We we going the opposite direction, so we waited for a bus. It was midday and the powerful sun was beating down on us, so we were quite happy when a minibus came with enough empty seats for all four of us. Our driver drove like he was playing a video game, constantly swerving, passing, and jostling for position. But he remained in control the whole time. “I hope you like my driving,” he said as he dropped us off. Yes indeed – we had arrived a full two hours earlier than expected.
We were now in Kundasang, a town at the foothills of Mount Kinabalu, 6200 feet above sea level. The air was noticeably cooler, and the town had a laid-back vibe. We spent a couple days there, hiking in the hills, traversing a perilous canopy walkway, and exploring a dairy farm. On our last morning we were treated to a spectacular sunrise, with Kinabalu looming clearly in the distance.
Kundasang was yet another highlight in a trip full of highlights. Here are some of my photos from the region:
A cloudy sunset on our first day in Kundasang. We knew Kinabalu was hiding somewhere, but it was covered in clouds.
The next day we went to the Poring nature reserve. It featured this canopy walkway, where we walked across bouncy suspension bridges, up to 100 feet above the forest floor. It was well-designed, but a bit unnerving. I wouldn’t recommend it for those who are afraid of heights.
There were a lot of noisy people on the canopy walkway, so we didn’t spot much wildlife. But the forest was quite beautiful.
Back on the forest floor, we saw some interesting vegetation.
There were some red plants (I’m not sure what this one’s called).

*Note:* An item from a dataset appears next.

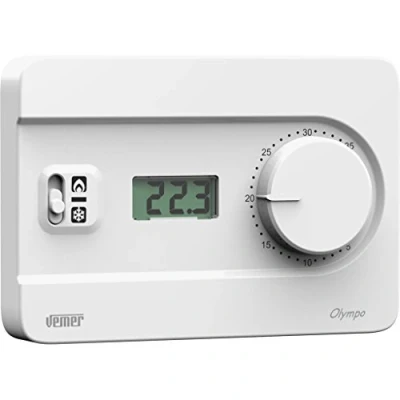 Image de VEMER VE757900 OLYMPO LCD Thermostat Mural d&#039;ambiance pour Le Chauffage et la Climatisation, Affichage LCD, Alimentation 230V, Blanc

And the ubiquitous dragonfly.
Poring also had plenty of hibiscus, Malaysia’s national flower.
But without a doubt, the coolest flower we saw was the rafflesia, AKA the “stinking corpse flower”. It’s the largest flower in the world, and it emits a foul smell to attract insects, which then spread its pollen. They only bloom for a few days, and unfortunately this rafflesia was on its last legs. But it was still amazing to see an example of this exotic flower.
On our final morning in Kundasang, Courtney found this beetle crawling outside our room. Its claws were so sharp, they dug through her shirt and into her skin.
After basking in the amazing sunrise, we headed up to Desa Farm, at the base of Kinabalu.
Courtney and John take it all in.
We got to feed the calves.
WARNING: Climbing on rocks is extremely dangerous. Never attempt.